Assembly of Trevelyon’s Pocket – Yikes!

Nothing makes me more nervous than cutting into a piece of finished embroidery. Nothing. I’m confident that the stitching will stay in place as long as the fabric doesn’t somehow spontaneously come unraveled as I work with it. I know in my brain the fabric will be fine but, still, I get nervous. Do you?

To make sure that I work with the embroidered piece as little as possible when I’m constructing something like Trevelyon’s Cap or a needle case or this pocket, I make a paper copy of the piece first then do all my folding and planning using the paper piece.

It’s pretty easy to make a photo copy of a piece of embroidery. Below is the photocopy of the pocket measured to determine where the edge of the fabric needs to be to construct the pocket correctly. After I made the photocopy, I cut the copy to the size of the eventual finished size of the pocket.

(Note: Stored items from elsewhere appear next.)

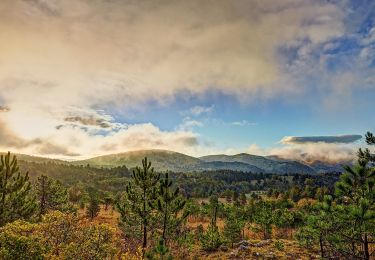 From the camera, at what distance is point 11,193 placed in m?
33.8

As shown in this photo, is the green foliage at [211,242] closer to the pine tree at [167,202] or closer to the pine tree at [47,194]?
the pine tree at [167,202]

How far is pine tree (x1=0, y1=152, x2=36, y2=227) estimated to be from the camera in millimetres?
32094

Then I played with the paper copy to determine where to fold the fabric to make sure the embroidery would line up nicely when the pocket was folded into thirds, as it will be when finished. I wanted the gold “clasp” to line up, so the two complete flowers and the two buds on the outside were showing when the flap was closed. It took a few tries, but I got it pretty quickly.

I also wanted the back to be a cohesive group of flowers and leaves. This proved to be easy; when the flap on the front was right, the back was also right. Guess Trevelyon knew what he was doing when he drew the pattern!

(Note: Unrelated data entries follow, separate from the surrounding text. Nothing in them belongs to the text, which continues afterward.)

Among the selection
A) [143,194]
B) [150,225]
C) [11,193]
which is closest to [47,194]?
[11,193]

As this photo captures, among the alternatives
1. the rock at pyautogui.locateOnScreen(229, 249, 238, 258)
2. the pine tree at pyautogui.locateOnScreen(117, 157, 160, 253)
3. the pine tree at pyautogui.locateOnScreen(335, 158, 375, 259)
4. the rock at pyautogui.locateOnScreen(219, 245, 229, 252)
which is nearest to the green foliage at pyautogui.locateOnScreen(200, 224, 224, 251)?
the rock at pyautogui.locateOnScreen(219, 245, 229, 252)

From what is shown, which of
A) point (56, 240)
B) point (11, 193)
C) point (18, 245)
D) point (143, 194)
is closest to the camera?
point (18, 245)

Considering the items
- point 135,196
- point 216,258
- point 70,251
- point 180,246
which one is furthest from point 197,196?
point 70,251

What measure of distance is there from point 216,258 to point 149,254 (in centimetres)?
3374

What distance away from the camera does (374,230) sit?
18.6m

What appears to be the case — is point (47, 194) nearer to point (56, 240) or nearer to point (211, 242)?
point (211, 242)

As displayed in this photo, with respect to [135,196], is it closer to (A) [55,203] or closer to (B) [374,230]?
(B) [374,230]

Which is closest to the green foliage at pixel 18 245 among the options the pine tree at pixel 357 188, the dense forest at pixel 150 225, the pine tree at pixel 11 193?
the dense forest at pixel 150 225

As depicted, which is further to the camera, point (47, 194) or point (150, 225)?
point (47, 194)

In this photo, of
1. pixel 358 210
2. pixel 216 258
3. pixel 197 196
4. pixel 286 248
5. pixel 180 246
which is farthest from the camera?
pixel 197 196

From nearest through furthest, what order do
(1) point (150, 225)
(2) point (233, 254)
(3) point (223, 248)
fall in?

Now that I figured out where the finished edge would be and how to fold the pocket, I made another copy. This copy allowed me to draw the outline of the finished shape. This is important because if/when I teach Trevelyon’s Pocket as a class, students need a pattern from which to work. I added seam allowance as well. The dashed lines are where the fabric will be CUT. The solid lines are where it will be SEWN.

Next I had to figure out how to use the paper pattern as a guide for cutting the embroidered fabric. I put the paper pattern behind the embroidered fabric both against a window and over my light box but the embroidered fabric is too thick for the pattern to show through!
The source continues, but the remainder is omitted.